4. Specialists (neurologists, speech therapists, occupational and physical therapists, pulmonologists, etc.)

VA
i) In the Washington, DC area, the VA hospital provides a one-stop shop. That is, all of the medical personnel who treat PALS are located in one place. After meeting with a new primary care doctor, you are assigned to a neurologist who will give you a comprehensive examination, write prescriptions for medications and medical devices, and refer you to other specialists in the hospital. The Washington, DC VA center has recently established its own ALS Clinic to provide comprehensive, interdisciplinary care for PALS.

Medicare
i) Under Medicare, a one-stop shop option may be available but is not as seamless. PALS can enroll in an ALS clinic such as the one at George Washington University and see a number of practitioners every three months for a half day session. If the patient has both Medicare Parts A and B coverage and the facility is an approved provider under the patient's healthcare program, the medical expenses should be very low.
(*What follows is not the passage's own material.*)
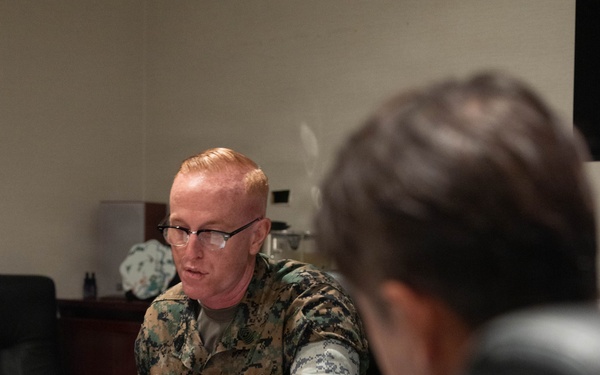 A U.S. Marine in MARPAT camouflage uniform is seated at a conference table, appearing to speak during a formal meeting. A name placard in Japanese script is visible on the table in front of him, along with documents, a water bottle, and a tea cup. A second individual in the foreground, partially visible and out of focus, appears to be wearing a camouflage uniform as well.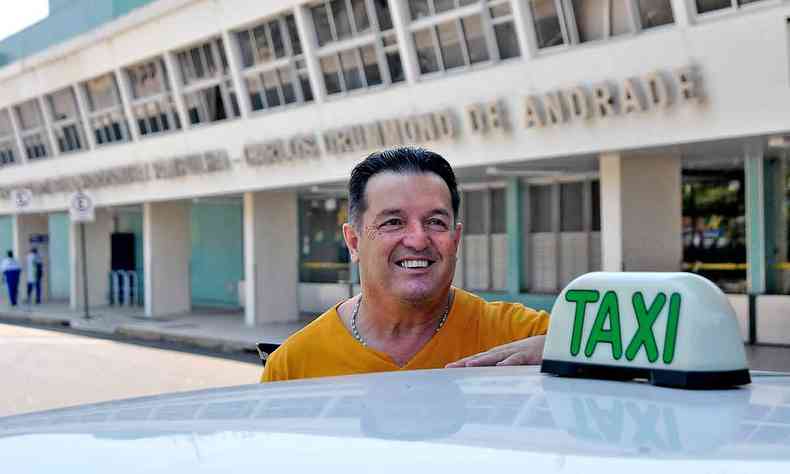 Taxista de blusa laranja que atua nas imediaes do Aeroporto da Pampulha em p, prximo ao seu veculo, que  branco e carrega uma sinalizao de txi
VA would be preferable, however, because there are no billing issues or medical need issues connected with the care that is provided.
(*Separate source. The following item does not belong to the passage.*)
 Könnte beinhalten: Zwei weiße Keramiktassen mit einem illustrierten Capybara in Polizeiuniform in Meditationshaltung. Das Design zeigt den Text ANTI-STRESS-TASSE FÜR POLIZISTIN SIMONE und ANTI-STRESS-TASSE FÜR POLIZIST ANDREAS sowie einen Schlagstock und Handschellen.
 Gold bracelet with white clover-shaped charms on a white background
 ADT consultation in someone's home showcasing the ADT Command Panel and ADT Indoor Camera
VA versus Medicare for PALS - Medications

2. Medications

VA
i) For the appointment with the primary care physician, you should bring along a list of all your medications. The doctor will then arrange for you to obtain these medications from the VA. For most medications the charge is $8 for a month’s supply of each medication, including Rilutek and a wide range of other medications. In some cases, the VA will only have one of a particular type of medication on its formulary; for example, it supplies Claritin rather than Zyrtec. Prescriptions can be refilled by telephone, and they usually reach you within 10 days.

Medicare
i) Medicare offers assistance in reducing the cost of medicines through the Medicare Part D program for beneficiaries. Since the monthly cost of Rilutek is about $800, Medicare benefits are much more costly than VA benefits for medicines. PALS would find themselves in the famous “doughnut hole” about halfway through each year. It may be more cost-effective to obtain medicines through your traditional health insurance, but in my case VA medicines were by far the least expensive.